VI.(c)(iii) Opposition proceedings
[...]
- The assumption is that a granted patent meets all the requirements of the EPC, and thus that all dependent claims meet the requirements of Article 84 EPC. The onus of proof should therefore be on an opponent to make a prima facie case that the incorporation of all the features of a dependent claim into an independent claim does not meet the requirements of Article 84 EPC. In this respect, merely pointing out that an amendment has been made should not be regarded as making out a prima facie case.
[...]
Reasons for the decision
A. Admissibility of the referral
1. The referring decision draws attention to the divergence in the jurisprudence of the Boards of Appeal that has emerged, something which is confirmed by the submissions of the parties, the comments of the President and the amicus curiae briefs, and is discussed further below. It is also not in doubt that the referred questions raise a point of law of fundamental importance, since the answers will have an impact beyond the specific case at hand and will be relevant to a large number of similar cases. See G 1/12 (to be published in OJ EPO), points 11 and 12 of the Reasons. An answer to at least some of the referred questions is also required to enable the referring Board to reach a decision on the appeal before it. The referral is therefore admissible.

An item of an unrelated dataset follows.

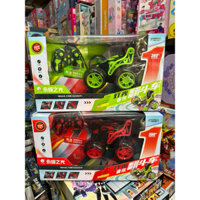 Điều khiển từ xa Xe ô tô lộn nhào, sử dụng pin sạc, có nhạc và đèn phát sáng (giao mẫu ngẫu nhiên)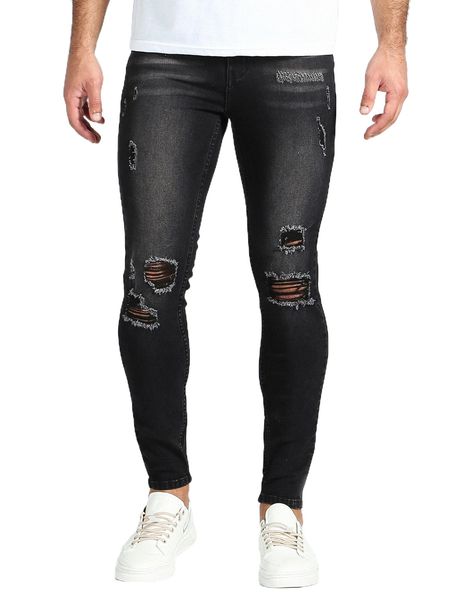 

men ripped skinny jeans 512v#, Blue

B. The referred questions: preliminary considerations
2. The referring decision asks, in part (b) of Question 1, whether the term "amendments" as used in G 9/91 is to be understood as encompassing a literal insertion of complete dependent claims as granted into an independent claim. Adopting the classification of the referring Board, this will be referred to as a Type B amendment. A simplified example is: granted claim 1, a product comprising X; granted claim 2, a product according to claim 1 wherein the amount of X comprised in the product is substantial; amended claim 1: a product comprising a substantial amount of X.
The lack of clarity may of course already have existed in the independent claim, for example: granted claim 1, a product comprising a substantial amount of X; granted claim 2, a product according to claim 1 also comprising Y. See, e.g., T 626/91.
[...]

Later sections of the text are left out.